# Task instructions:
Write out the entries below exactly, but only from the line containing "MAGE-1/MAGE1A Rabbit pAb" through the line containing "Pharmaceutical composition and", and without the pictures.

# Records for this task:
======

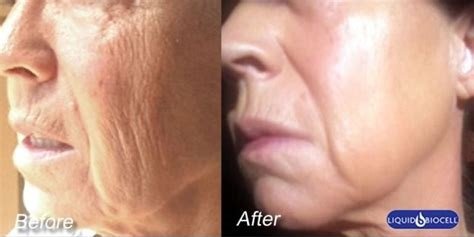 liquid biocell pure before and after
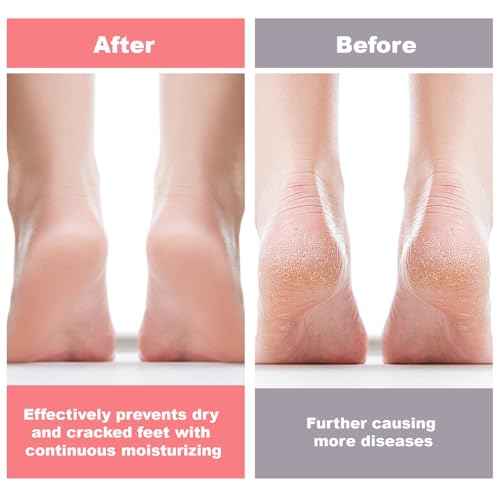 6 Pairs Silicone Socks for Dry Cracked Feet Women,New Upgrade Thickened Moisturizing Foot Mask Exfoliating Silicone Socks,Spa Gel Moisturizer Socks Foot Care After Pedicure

======

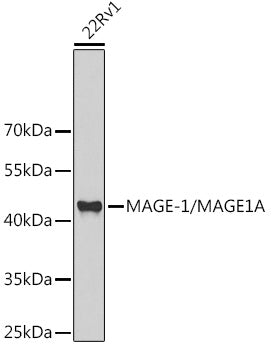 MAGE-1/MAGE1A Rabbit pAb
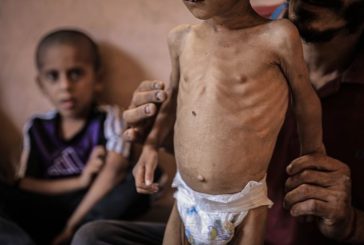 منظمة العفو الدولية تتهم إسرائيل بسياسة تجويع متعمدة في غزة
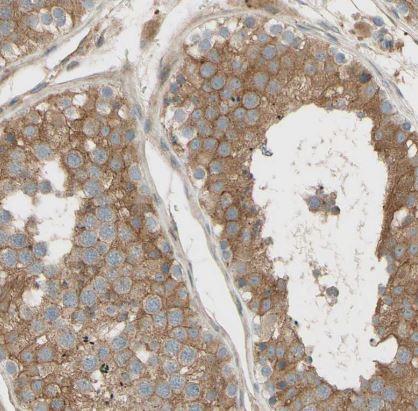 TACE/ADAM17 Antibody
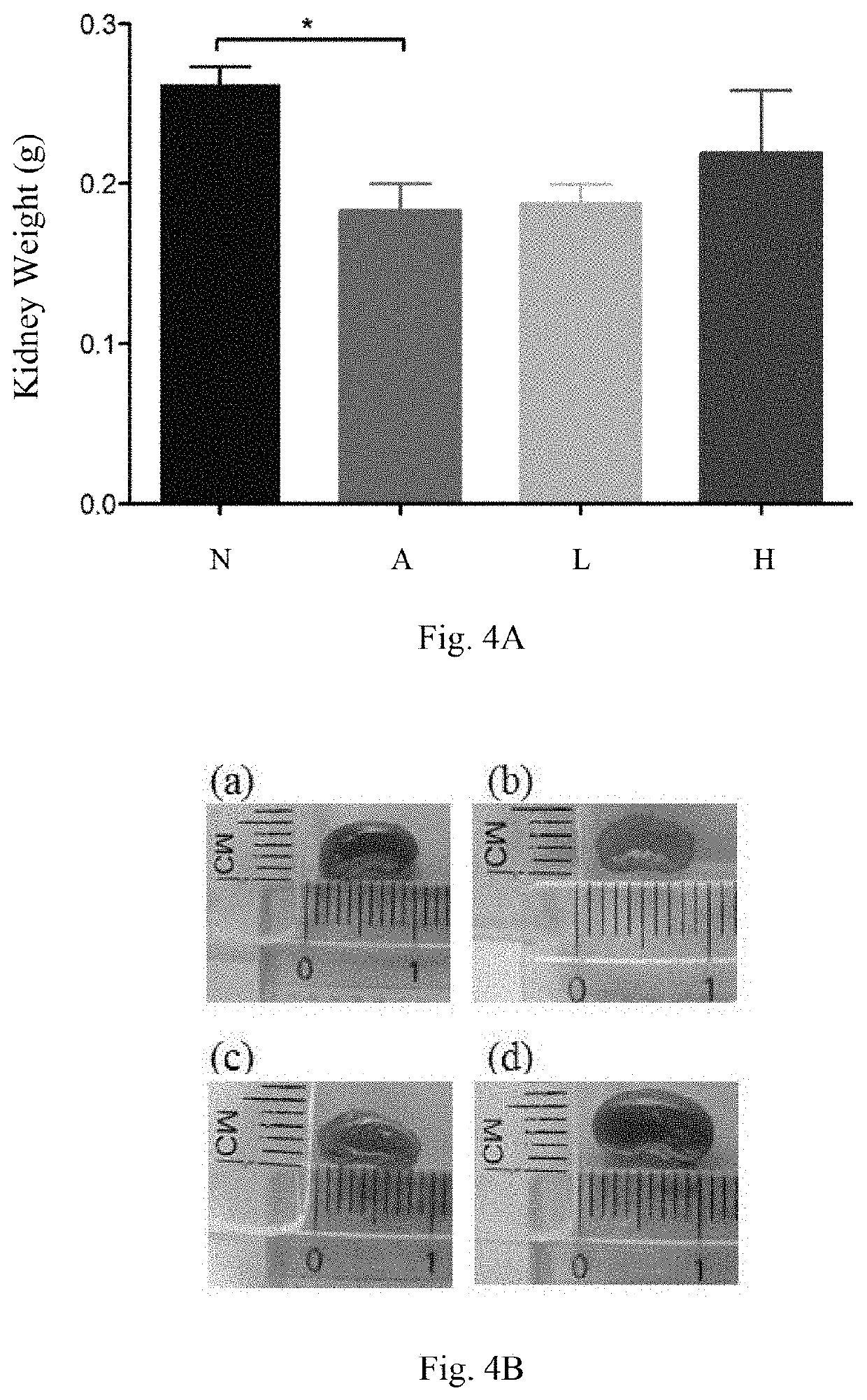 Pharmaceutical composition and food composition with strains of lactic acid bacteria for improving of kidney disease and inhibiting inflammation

======

# Your solution:
 MAGE-1/MAGE1A Rabbit pAb
 منظمة العفو الدولية تتهم إسرائيل بسياسة تجويع متعمدة في غزة
 TACE/ADAM17 Antibody
 Pharmaceutical composition and food composition with strains of lactic acid bacteria for improving of kidney disease and inhibiting inflammation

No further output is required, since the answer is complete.